Figure 26: View of the instrument locations on CALIPSO (image credit: NASA)
Figure 20: View of the instrument locations on CALIPSO (image credit: NASA)

 

IIR (Imaging Infrared Radiometer)

IIR is provided by CNES and developed at EADS Sodern, France. The objective is to measure calibrated radiances at 10.5 and at 12 µm over a 40 km swath (the two wavelengths are chosen to optimize the joint Lidar/IIR retrievals of cirrus emissivity and particle size).

IIR is a nadir-viewing, non-scanning imager having a 64 km x 64 km swath with a pixel size of 1 km. The CALIOP beam is nominally aligned with the center of an IIR image. IIR uses a single microbolometer detector array (uncooled), with a rotating filter wheel providing measurements at three channels in the window region, on either side of the O3 absorption band at 9.6 µm. The central wavelengths (and spectral widths) of the three channels are 8.65 µm (0.9 µm), 10.6 µm (0.6 µm), and 12.05 µm (1.0 µm). These wavelengths were selected to optimize joint CALIOP/IIR retrievals of cirrus cloud emissivity and particle size. 50) 51) 52) 53)

Figure 27: Illustration of the IIR instrument (image credit: EADS Sodern)
Figure 21: Illustration of the IIR instrument (image credit: EADS Sodern)
Figure 28: Photo of the assembled IIR instrument (image credit: EADS Sodern)
Figure 22: Photo of the assembled IIR instrument (image credit: EADS Sodern)

The IIR device is composed of:

• The ISM (Imaging Sensor Module), constituted of an objective (aperture 0.75) optimized in the thermal infrared, a microbolometer detector array, specific electronics, a passive cooler to refrigerate the whole, and some mechanical pieces

• A filter-carrying wheel enabling to insert alternately 3 spectral filter in front of the camera

• A black body to calibrate the camera

• A pointing mirror rotating to sequentially select between the Earthview, the black body and the direction of the cold space (second source for calibration).

Figure 29: Schematic view of the ISM (image credit: CNES)
Figure 23: Schematic view of the ISM (image credit: CNES)
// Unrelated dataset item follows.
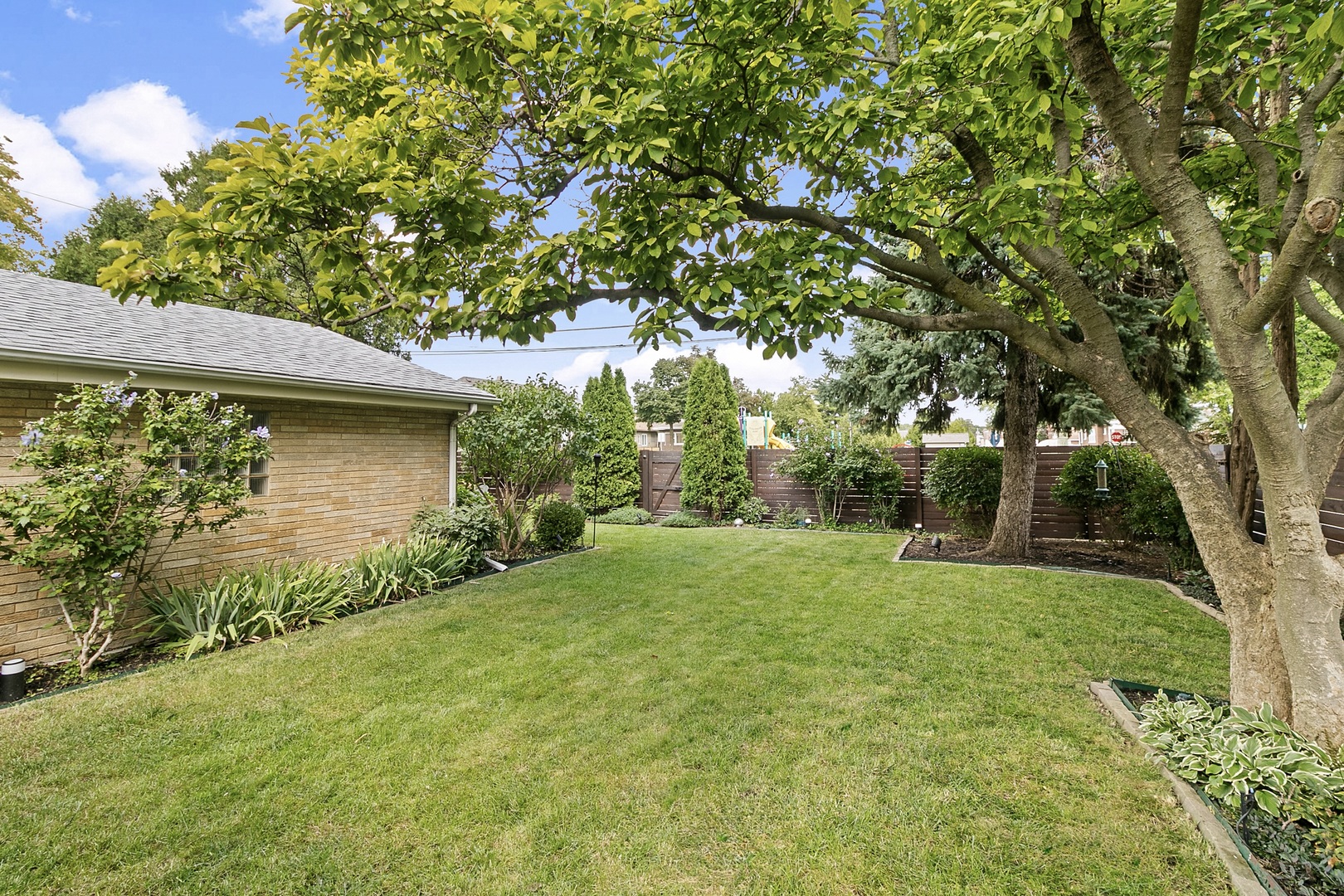 1855 Ridgeland Avenue, Berwyn, IL 60402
On-orbit calibration: The calibration procedure requires viewing scenes at two different known temperatures. A cold scene calibration (4 K) is achieved by observing deep space every 8 seconds, while a hot scene calibration (300 K) is performed every 40 seconds using an internal blackbody source.

Spectral bands (3)

8.7 µm, bandwidth: 0.9 µm
10.5 µm, bandwidth: 0.6 µm
12.05 µm, bandwidth: 1.0 µm

Spatial resolution (IFOV)

1 km x 1 km (64 x 64 pixels)

FOV or swath width

64 km x 64 km (90 mrad x 90 mrad)

Microbolometer detector array

Boeing U3000 detector

Radiometric performance

NEΔT < 0.5 K @ 210 K; Absolute calibration accuracy < 1 K

Data rate

50 kbit/s

Instrument mass, volume

24 kg, 490 mm x 550 mm x 320 mm

Power consumption

27 W

Table 4: IIR specifications

Note: The IIR instrument is also referred to as CIM-02 (Caméra Infra-rouge Multimission) on the CALIPSO mission. CIM-02 is of CIM-01 heritage flown on the MetOp-01 mission of EUMETSAT (CIM-01 is also referred to as the “IASI Infrared Imager”). CIM02 differs from CIM01 through its optical interface, the objective and the radiator have been re-designed.
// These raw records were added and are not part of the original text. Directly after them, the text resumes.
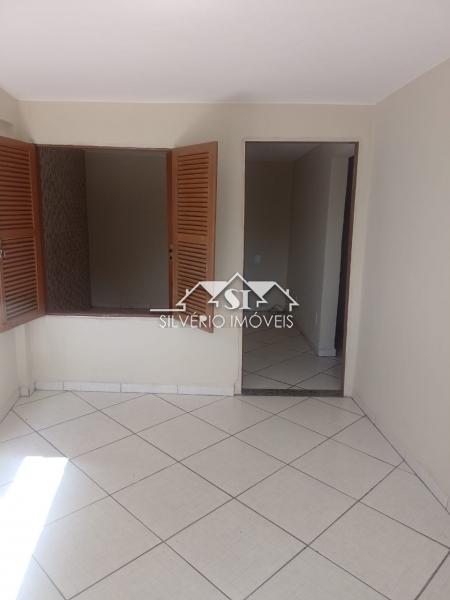 Casa para alugar com 2 quartos, 40m² - Foto 2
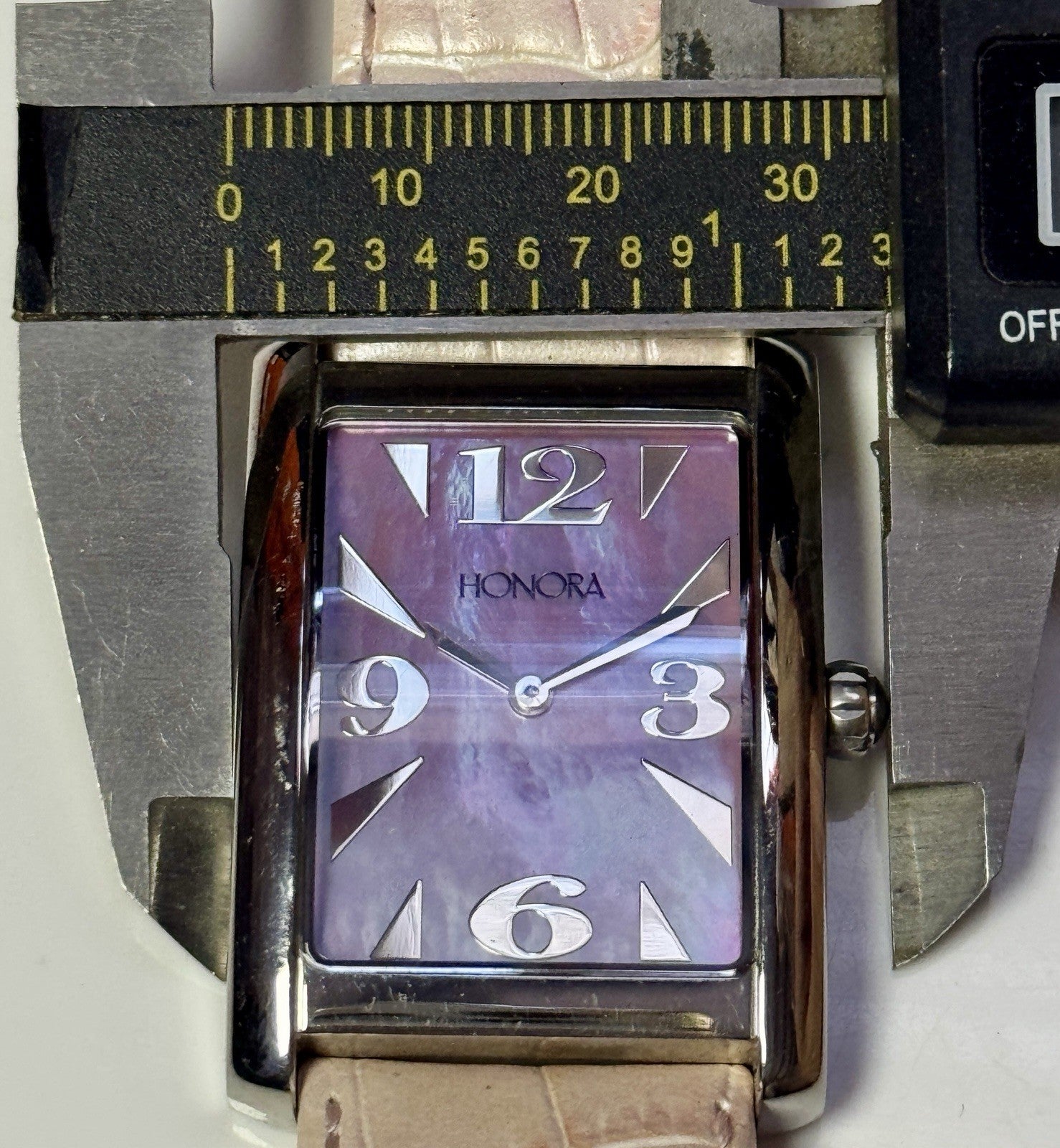 8376872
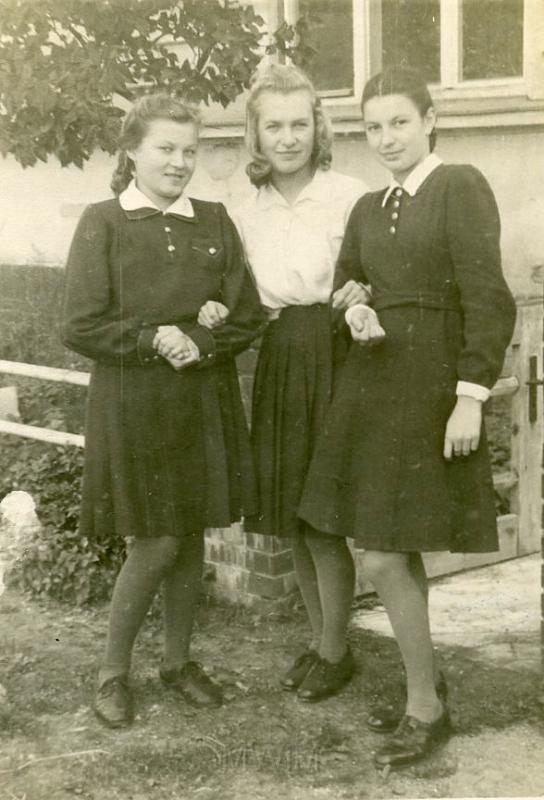 KKE 2216.jpg - Fot. Trzy młode dziewczęta. Od prawej: pierwsza Łucja Żakiewicz z koleżankami, lata 40-te XX wieku.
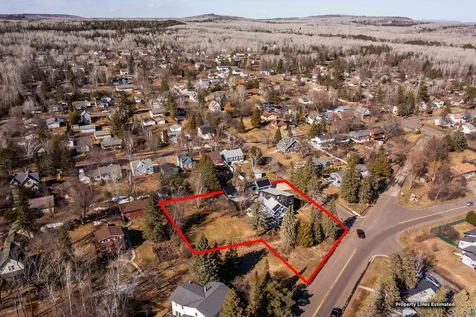 5027 Oakley Street Duluth MN 55804
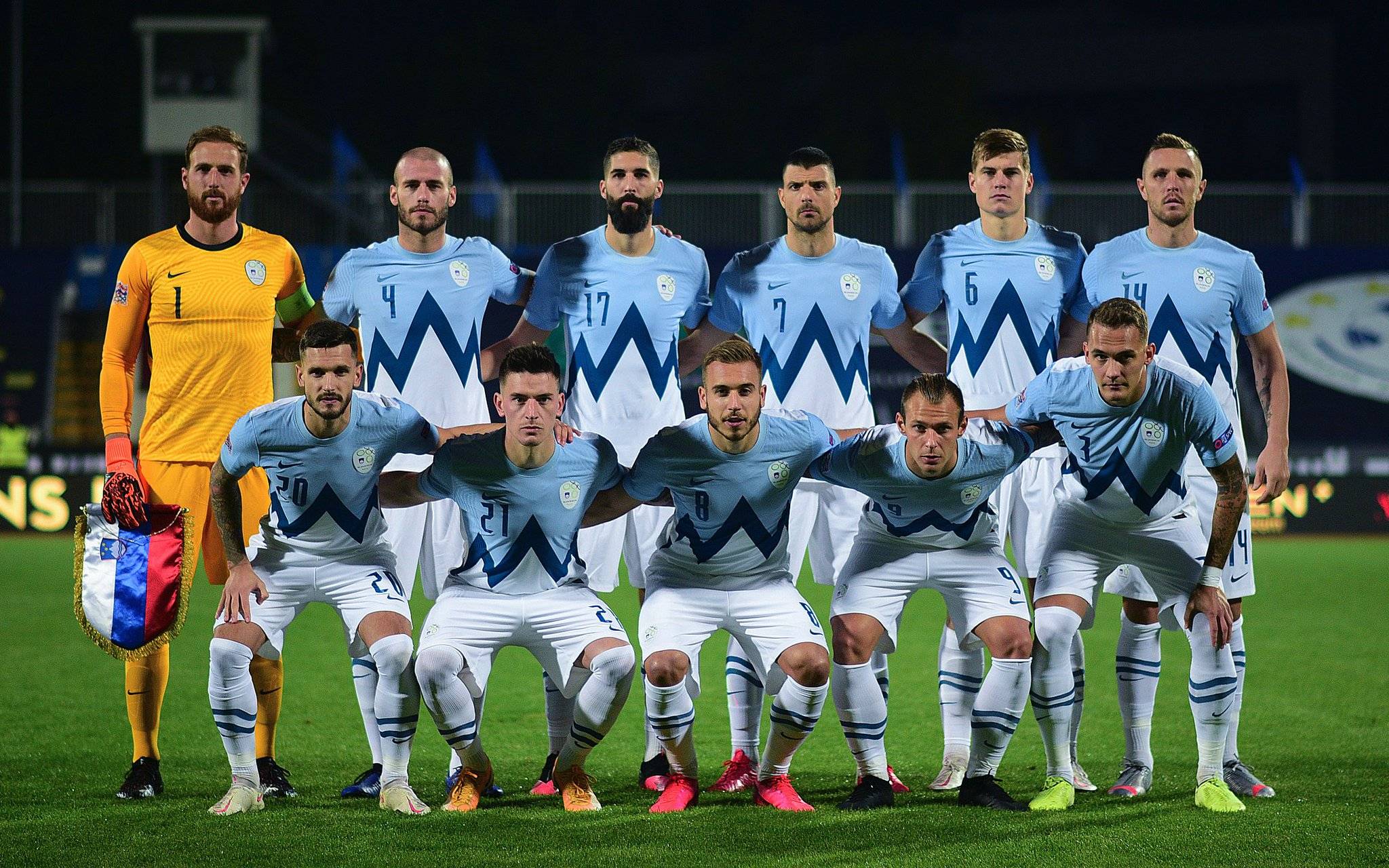 开云体育下载-罗马尼亚国家队横扫对手，晋级欧锦赛下一轮比赛的简单介绍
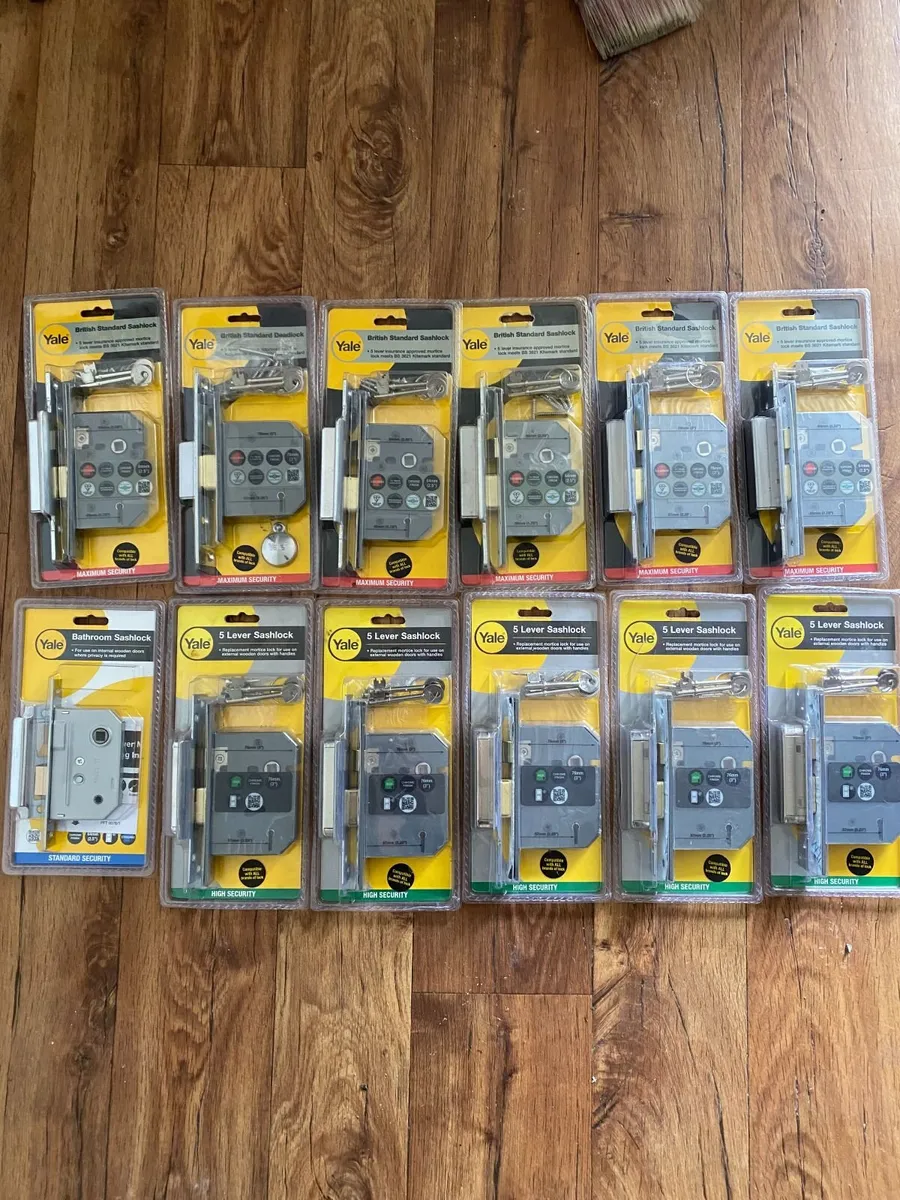 12 x Yale Mortice Locks. New Unopened Old Stock - Image 4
Figure 30: Schematic of the IIR instrument (image credit: CNES)
Figure 24: Schematic of the IIR instrument (image credit: CNES)
Figure 31: Electronic architecture of the IIR instrument (image credit: CNES)
Figure 25: Electronic architecture of the IIR instrument (image credit: CNES)

 

WFC (Wide-Field Camera)

WFC was built by Ball Aerospace (a modified version of a commercial star camera, CT-633, a pushbroom type device with a CCD detector array of 512 x 512 pixels). The objective is to provide meteorological context and highly accurate spatial registration between the CALIPSO and the Aqua mission. 54) 55)

WFC is a digital CCD camera with a spectral coverage of 620-670 nm (single band) providing images of a 61 km swath with a spatial resolution of 1 km. In a 5 km central band, the spatial resolution is 125 m. Although the WFC comes with a 512 x 512 CCD array, it essentially operates in the pushbroom line array fashion by reading out only one row of pixels per image frame. Nominally, 488 of the 512 pixels in the target row are being utilized. To minimize smearing effects during readout operations, most of the CCD array is masked off except about 30 rows near the center.
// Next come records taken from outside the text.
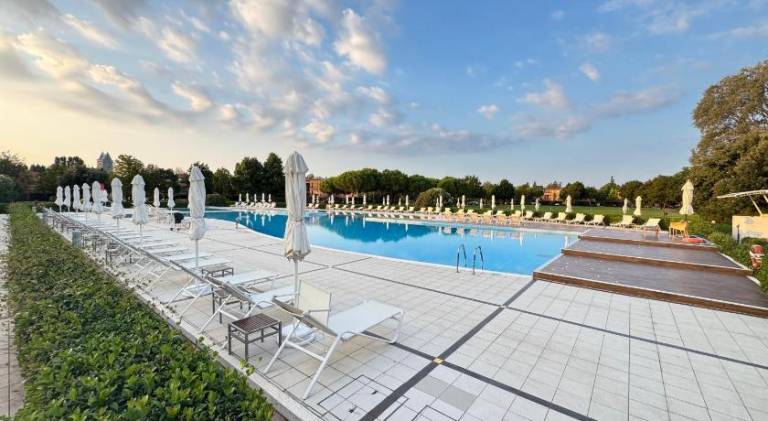 Rental apartment with pool in Jesolo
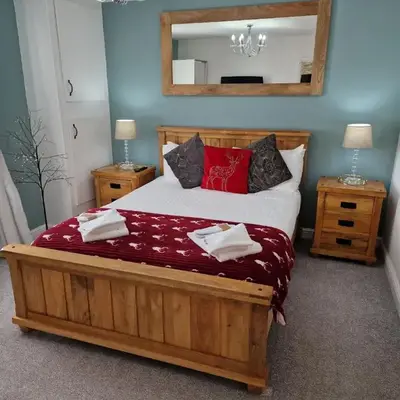 Cottage - Sleeps 3 hot tub & pet friendly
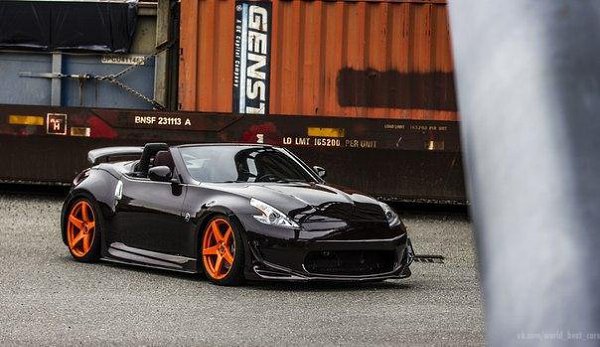 Nissan 370Z.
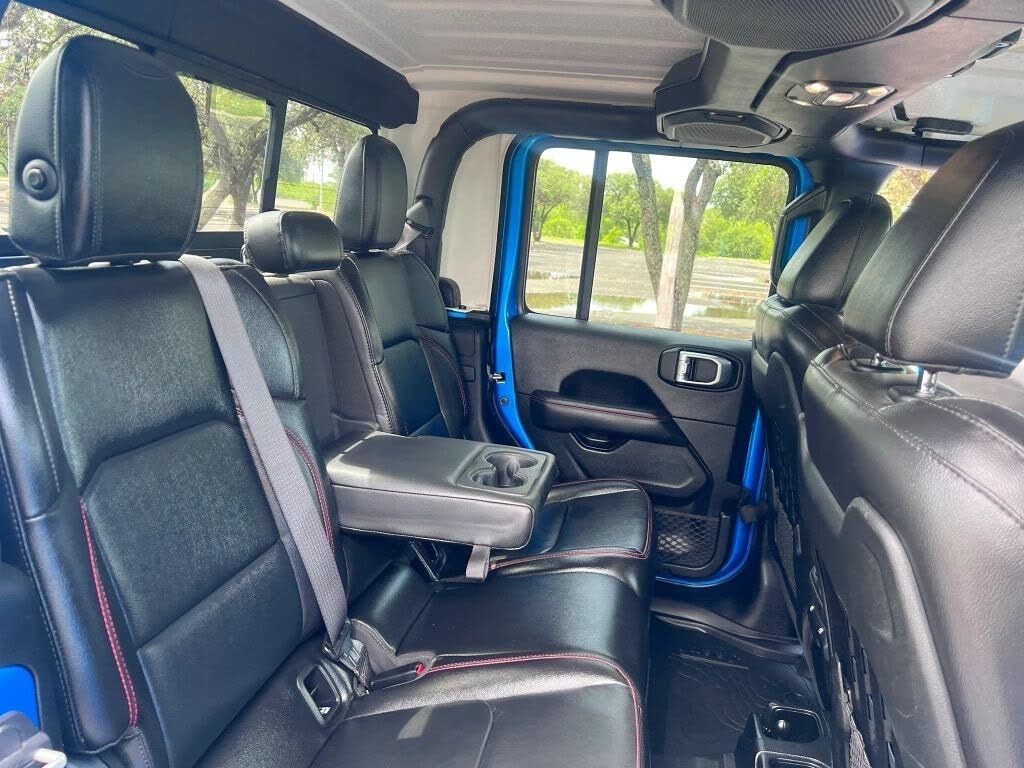 Used 2020 Jeep Gladiator Rubicon AWD/4WD image 17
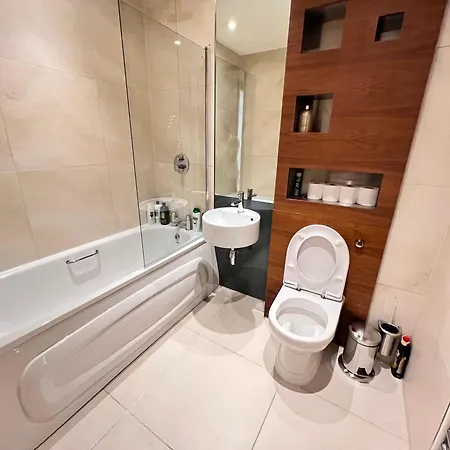 Deluxe Entire Flat At Farringdon Station 伦敦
The source data rate is 26 kbit/s. The WFC imagery is also being used to assess the cloud fraction within 1 km IIR pixels to enhance the retrieval of cloud properties from the IIR data.

Parameter

Specification

Comment

Bandpass

620-670 nm

Compatible with MODIS channel 1

Single pixel IFOV

125 m x 125 m

24 µm pixels; 135 mm focal length

Full swath FOV

61 km

488 pixels in cross-track

Dynamic range

16 bit

Standard on CT-633

SNR at Lmax, (730 Wm-2 µm-1 sr-1)

435

f/8 lens and full-well, capacity of 150 ke-

SNR at Ltyp, (12 Wm-2 µm-1 sr-1)

51

as above

Data rate

26 kbit/s

 

Table 5: Performance specifications of WFC
Figure 32: Schematic of the WFC instrument (image credit: CNES)
Figure 26: Schematic of the WFC instrument (image credit: CNES)
Figure 33: Illustration of the WFC imager (image credit: BATC)
Figure 27: Illustration of the WFC imager (image credit: BATC)
Figure 34: View of WFC swath in relation to laser footprint (image credit: NASA/LaRC)
Figure 28: View of WFC swath in relation to laser footprint (image credit: NASA/LaRC)



 

Ground Segment

The CALIPSO ground segment is comprised of two main components:

1) SOGC (Satellite Operations Ground System), consisting of:

• SOCC (Satellite Operations Control Center), located in Toulouse (France)

• TT&C S-band ground stations at Kiruna (Sweden) and Aussaguel (France)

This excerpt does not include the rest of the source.